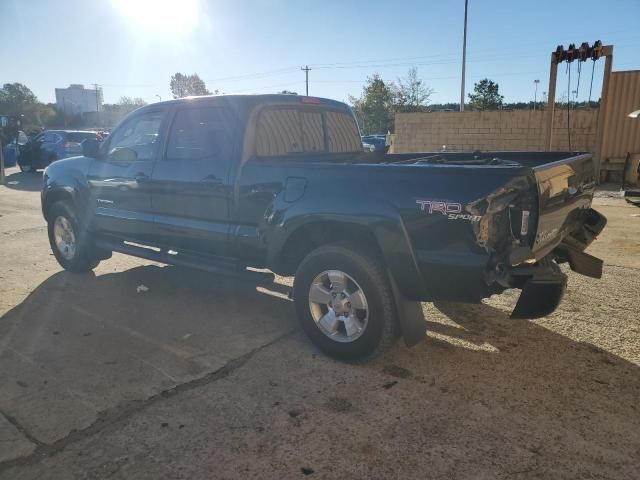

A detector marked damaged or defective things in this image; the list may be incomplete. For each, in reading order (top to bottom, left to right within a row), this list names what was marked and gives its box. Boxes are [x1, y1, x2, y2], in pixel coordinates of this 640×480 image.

cracked asphalt [1, 167, 640, 478]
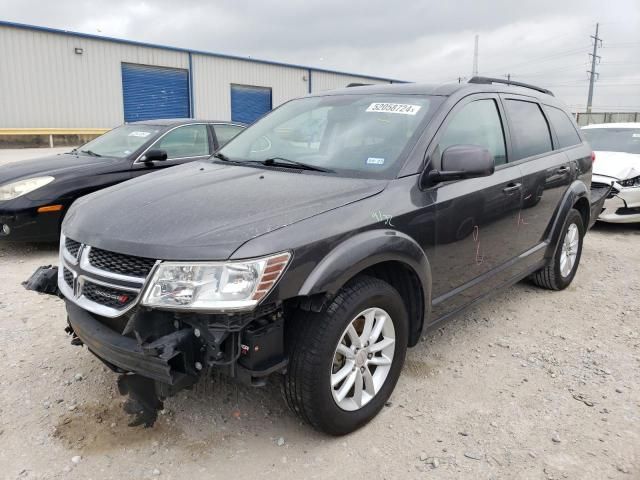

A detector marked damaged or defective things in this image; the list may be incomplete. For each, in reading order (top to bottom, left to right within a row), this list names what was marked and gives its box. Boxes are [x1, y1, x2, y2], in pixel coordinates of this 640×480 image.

bent hood [0, 153, 122, 185]
bent hood [592, 151, 640, 181]
cracked headlight [0, 175, 55, 200]
bent hood [63, 160, 384, 258]
cracked headlight [141, 251, 292, 312]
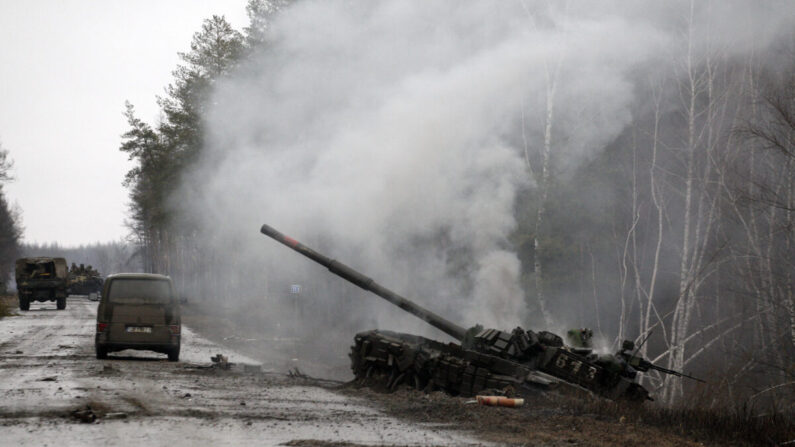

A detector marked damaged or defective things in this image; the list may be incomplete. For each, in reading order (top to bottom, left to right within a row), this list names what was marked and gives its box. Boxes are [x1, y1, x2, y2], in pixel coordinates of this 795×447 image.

burnt tank armor [262, 224, 652, 402]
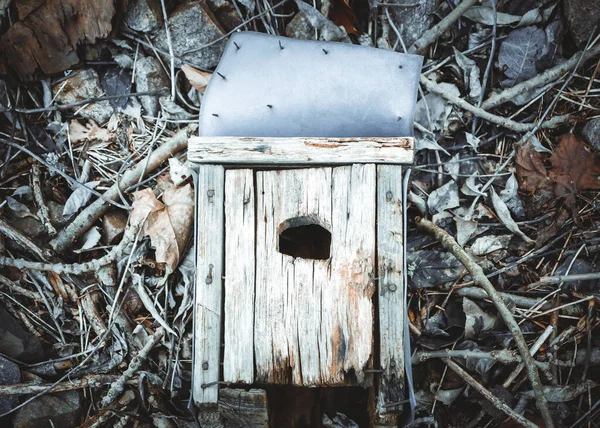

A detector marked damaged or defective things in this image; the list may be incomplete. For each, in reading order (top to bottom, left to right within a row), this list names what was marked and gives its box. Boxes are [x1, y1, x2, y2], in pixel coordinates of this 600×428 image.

splintered wood edge [190, 137, 414, 166]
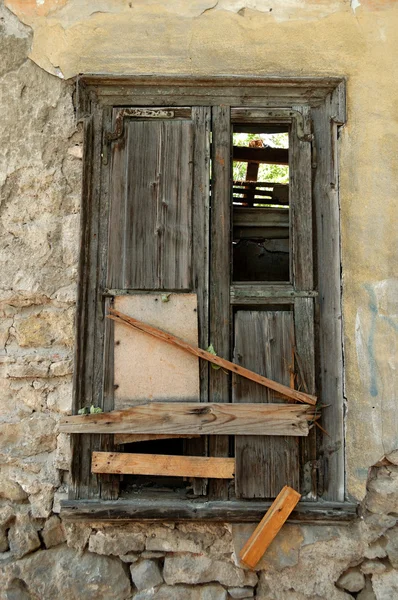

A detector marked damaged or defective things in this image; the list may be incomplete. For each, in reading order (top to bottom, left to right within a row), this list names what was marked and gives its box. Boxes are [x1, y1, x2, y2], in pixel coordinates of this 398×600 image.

broken wooden plank [106, 310, 318, 404]
broken wooden plank [59, 404, 314, 436]
broken wooden plank [91, 454, 235, 478]
broken wooden plank [238, 486, 300, 568]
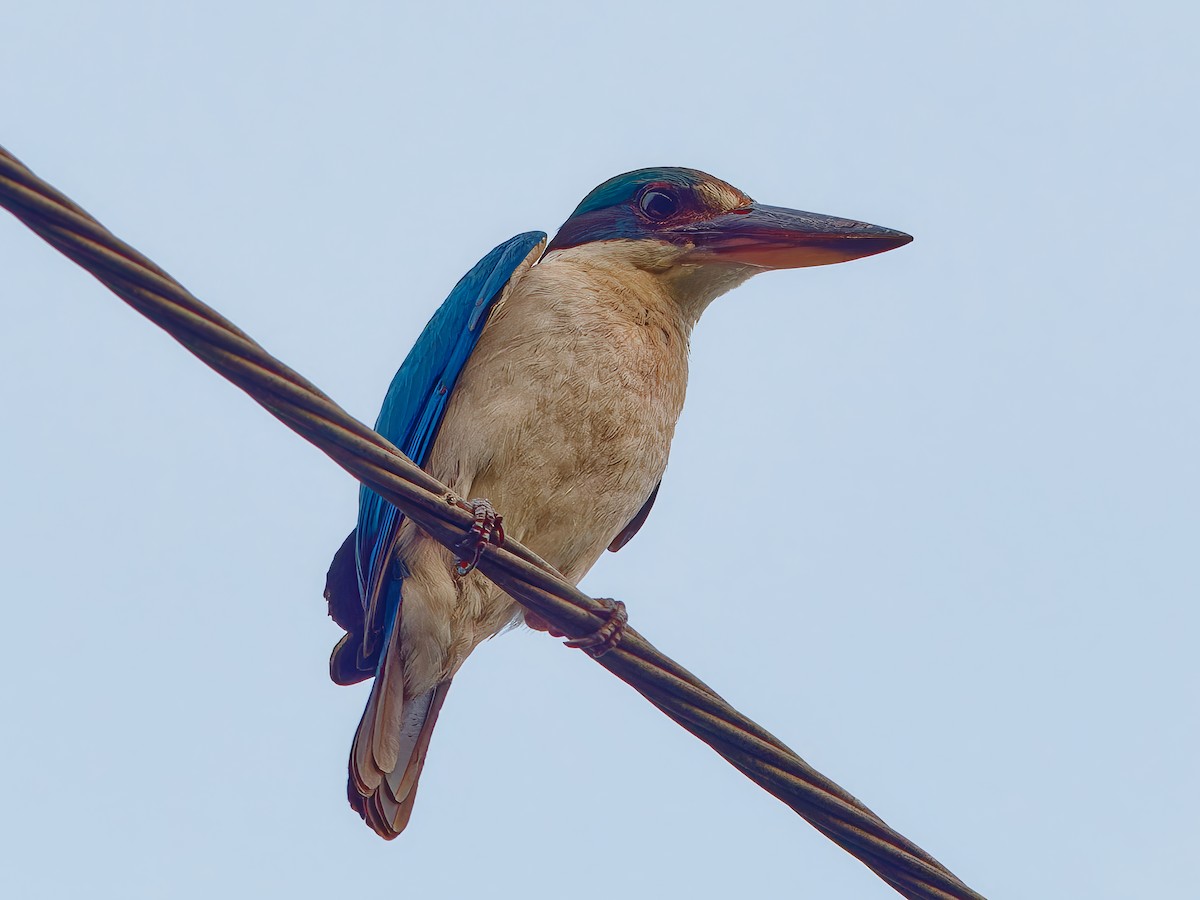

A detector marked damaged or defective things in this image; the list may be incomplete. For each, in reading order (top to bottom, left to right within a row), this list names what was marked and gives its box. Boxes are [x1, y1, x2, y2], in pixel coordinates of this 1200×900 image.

rusty wire [2, 148, 984, 900]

******************************

What is needed:
Set down all of the entries exactly as they appear, but keep the images out.

Reply to the exercise:
A detector marked damaged or defective things in this image; the list may be incomplete. For each, in reading order (top to bottom, left to right within a row), this list names what was marked and gives its box. Boxes are [x1, y1, x2, y2], in pixel coordinates of this 640×480 image.

cracked asphalt [1, 167, 640, 478]

A detector marked damaged or defective things in this image; the list may be incomplete. For each, in reading order (top to bottom, left to right within a row), this list names what was marked and gives its box. Boxes are [x1, y1, x2, y2], in pixel coordinates of this 640×480 image.

bent hood [0, 153, 122, 185]
bent hood [592, 151, 640, 181]
cracked headlight [0, 175, 55, 200]
bent hood [63, 160, 384, 258]
cracked headlight [141, 251, 292, 312]

A detector marked damaged or defective things in this image; the list may be incomplete. For each, in reading order (top to bottom, left to right within a row), this list names what was marked and gives its box. Boxes are [x1, y1, x2, y2], in pixel coordinates of this 795×447 image.

burnt tank armor [262, 224, 652, 402]

A detector marked damaged or defective things in this image; the list may be incomplete. For each, in reading order (top to bottom, left to right within a row), this list names what was marked and gives its box. Boxes are [x1, y1, x2, y2], in pixel coordinates of this 600×428 image.

splintered wood edge [190, 137, 414, 166]

A detector marked damaged or defective things in this image; the list may be incomplete. For each, in reading order (top to bottom, left to right within a row), this list names what was marked and gives its box. Boxes are [x1, y1, x2, y2], in pixel coordinates of this 398×600 image.

broken wooden plank [106, 310, 318, 404]
broken wooden plank [59, 404, 314, 436]
broken wooden plank [91, 454, 235, 478]
broken wooden plank [238, 486, 300, 568]

A detector marked damaged or defective things in this image; the list may be incomplete. For each, in reading order (top to bottom, left to right within a row), this list names what was marked and gives its box. Boxes are [x1, y1, x2, y2], in pixel coordinates of this 1200×900 image.

rusty wire [2, 148, 984, 900]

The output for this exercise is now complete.